Key quotes from ECB head Draghi’s press briefing
FRANKFURT, Germany (AP) — At his monthly news conference following the European Central Bank’s policy-setting meeting, President Mario Draghi on Thursday answered questions from reporters.
Here are some highlights of the things he said:
— INTEREST RATES
The ECB kept its key refinancing rate at the record low of 0.5 percent on Thursday and reiterated its “forward guidance,” an indication on where it expects interest rates to be in coming months.
“The Governing Council confirms that it expects the key ECB interest rates to remain at present or lower levels for an extended period of time.”
— MARKET REACTION
Interest rates in the open market have declined since the ECB first issued that forward guidance last month. Draghi suggested the rates were still not as low as they should be considering how weak the economy is and the ECB’s expectations for where official interest rates would be in coming months.
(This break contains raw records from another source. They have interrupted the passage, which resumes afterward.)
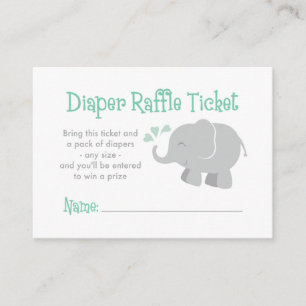 Carte D'accompagnement Baby shower moderne à la menthe et à l'éléphant gr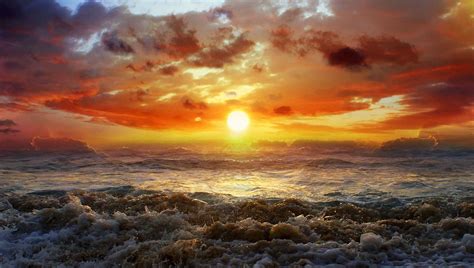 Stormy Sea with Beautiful Sunset | Beach sunset wallpaper, Sunset ...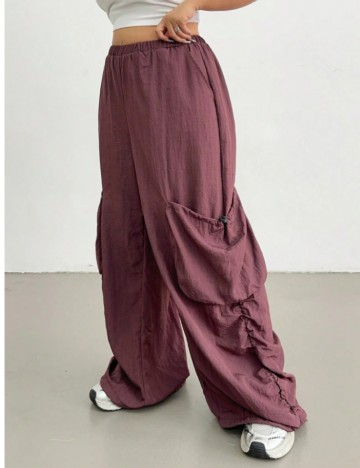 Pantaloni Shein Curve+, maro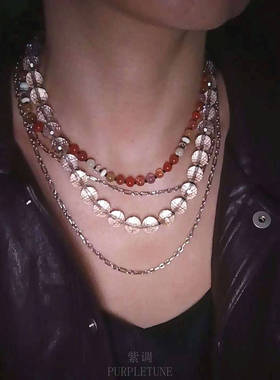 PURPLETUNE/紫调天然水晶多宝圆珠糖豆项链 叠搭 925银链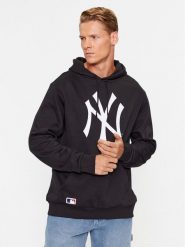 New Era Bluza Nos MLB Neyyan 60416747 Czarny Regular Fit. Czarne bluzy New Era, m, bez wzorów, z bawełny, bez kaptura. Za 339.99 zł.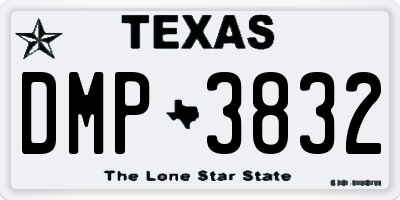 TX license plate DMP3832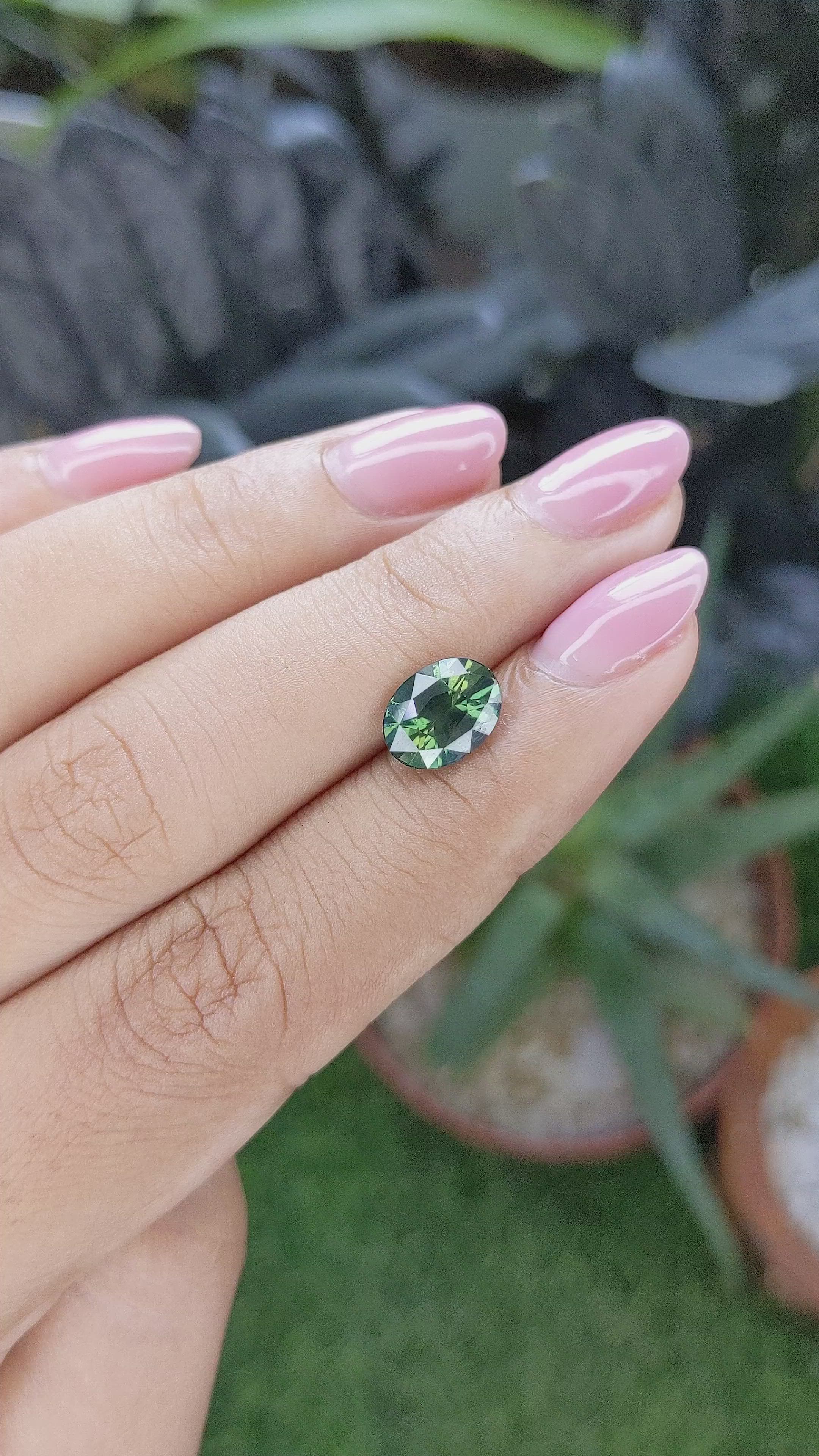 2.52 Ct. Bluish Green Sapphire from Madagascar Size Video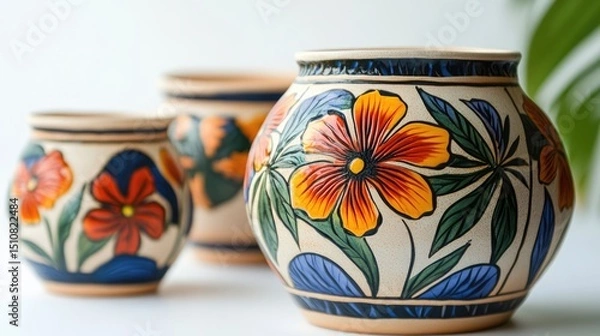 Fototapeta Ceramic clay flower and plant pots with colourful floral ornaments in pottery studio isolated on white background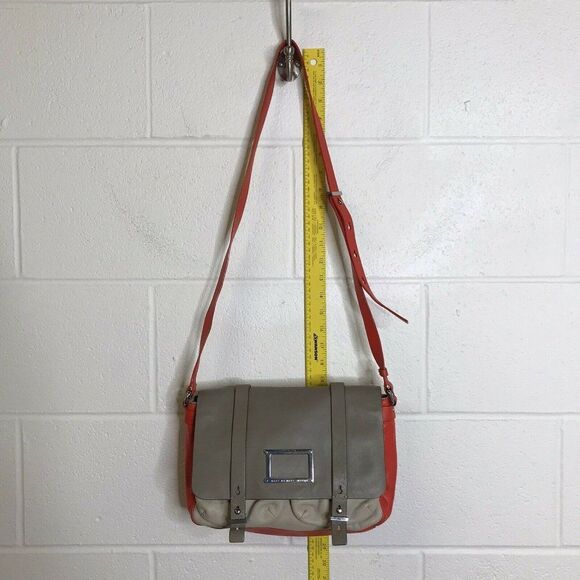 Marc by Marc Jacobs Womens Werdie Crossbody Messenger Bag Beige Taupe Orange - Picture 3 of 12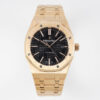 AP Royal Oak 41mm 15400 RG APS Factory 1:1 Best Edition Black Textured Dial on RG Bracelet SA3120 Super Clone V3 - Best Replica Watches Store For Sale!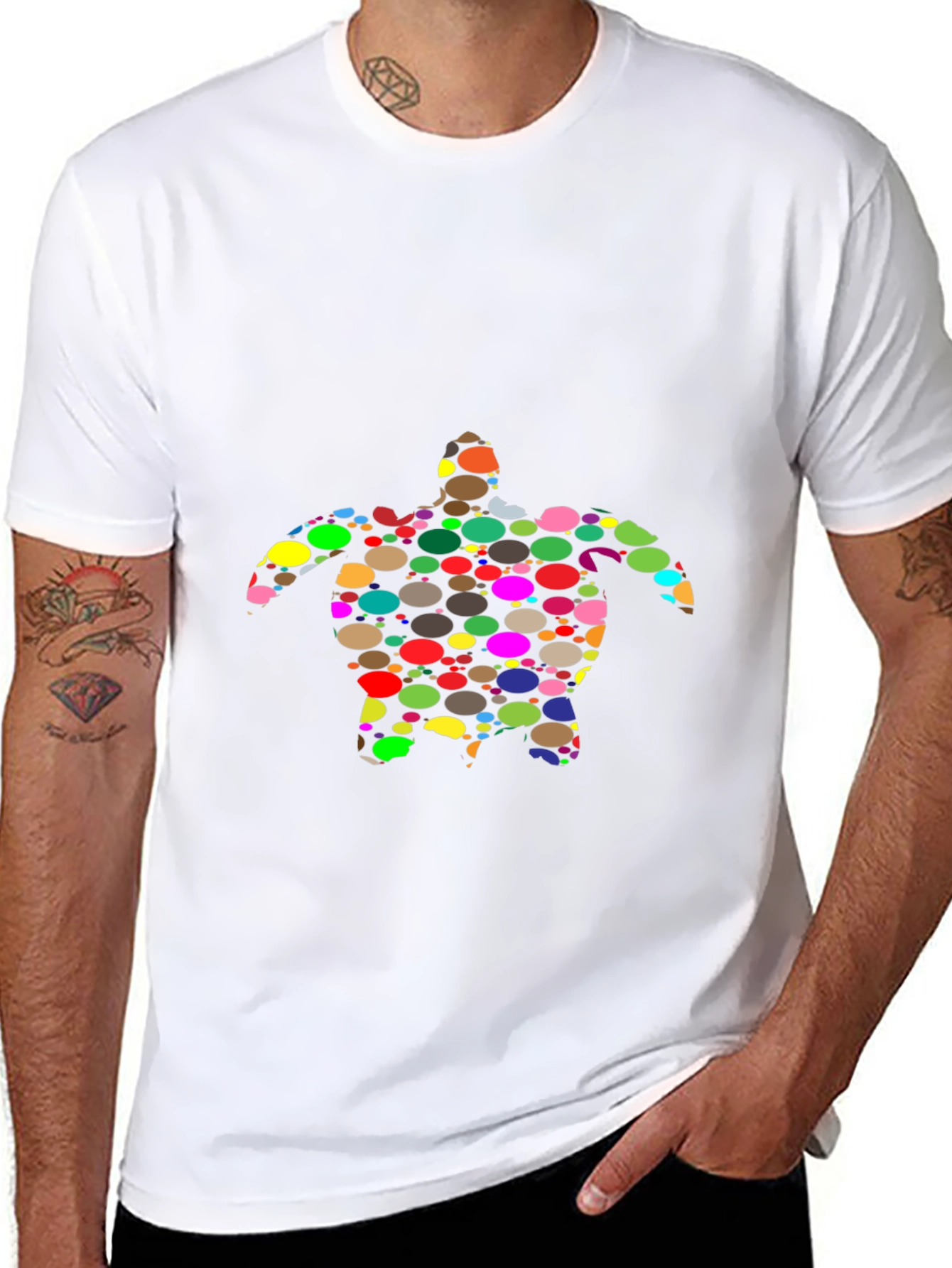 Funky Turtle Graphic Tee - Black Casual T-Shirt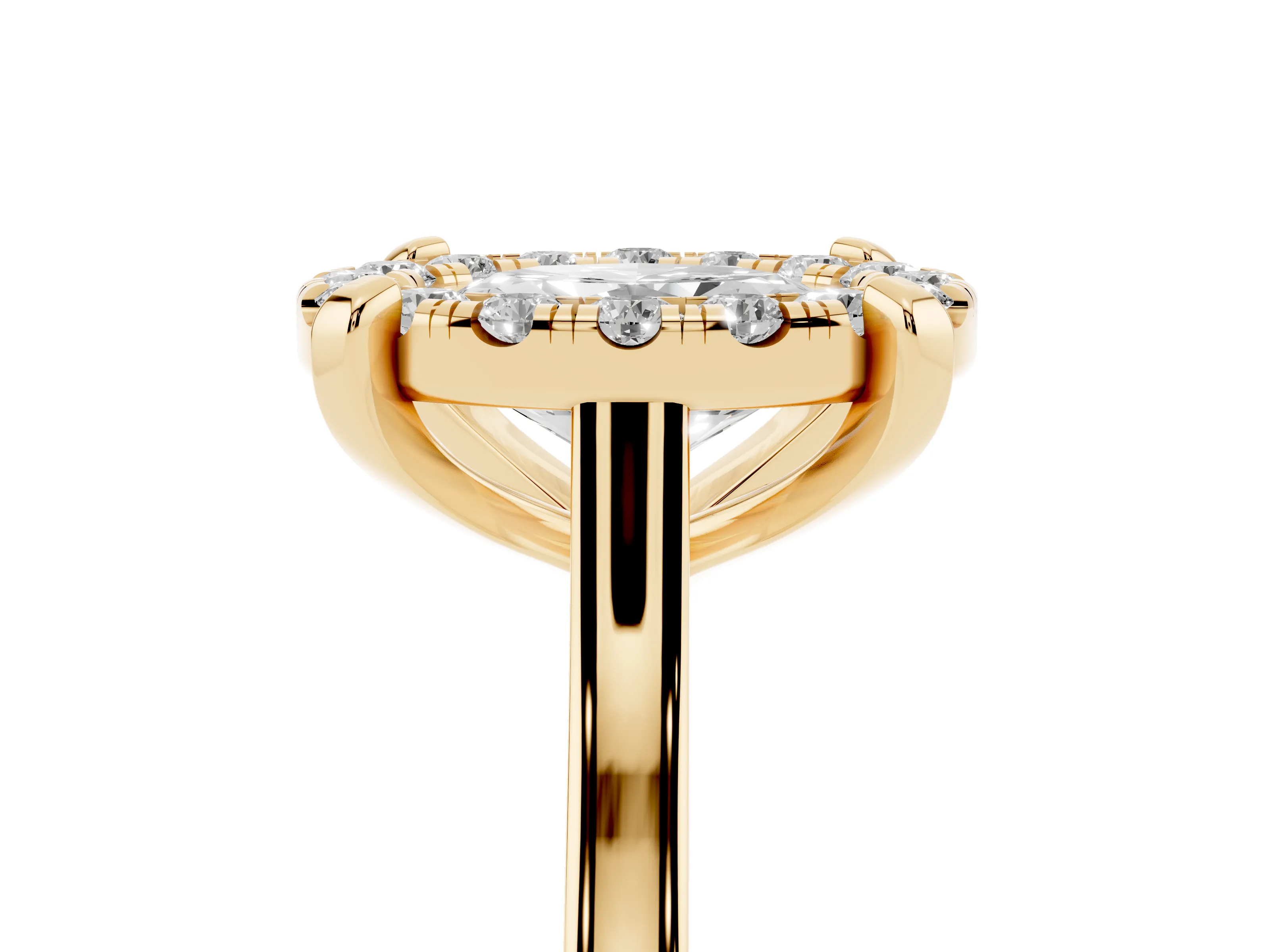 Oval Cut Diamond Cluster Halo Solitaire Ring Set in Yellow gold with Prong Setting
“Current expectations of rate hikes in money markets are according to our assessment unwarranted.”
— FUTURE RATE CUTS
Draghi left open the door to more cuts to the key interest rate. Other major central banks like the Federal Reserve and the Bank of Japan have cut their key rates to or near zero percent.
“We haven’t reached the zero bound.”
— EASING OF THE CRISIS
Since the ECB unveiled in September last year a bond-buying program meant to keep governments’ bond market borrowing rates down, financial markets in the eurozone have improved dramatically. Borrowing rates have dropped significantly in crisis-hit countries like Italy, Spain, Portugal, Ireland and Greece.
Draghi said that was not all merit of the ECB, however, and pointed to the vast amount of reforms governments have made.
“I thank you so much but we shouldn’t exaggerate this. Much of this was due to the governments’ action.”
The ECB is tasked with keeping the consumer price inflation rate at or near 2 percent. It was 1.6 percent in July, unchanged from June. Draghi said inflation was likely to remain subdued.
“Underlying price pressures are expected to remain subdued, reflecting the broad-based weakness in aggregate demand and the modest pace of the recovery.”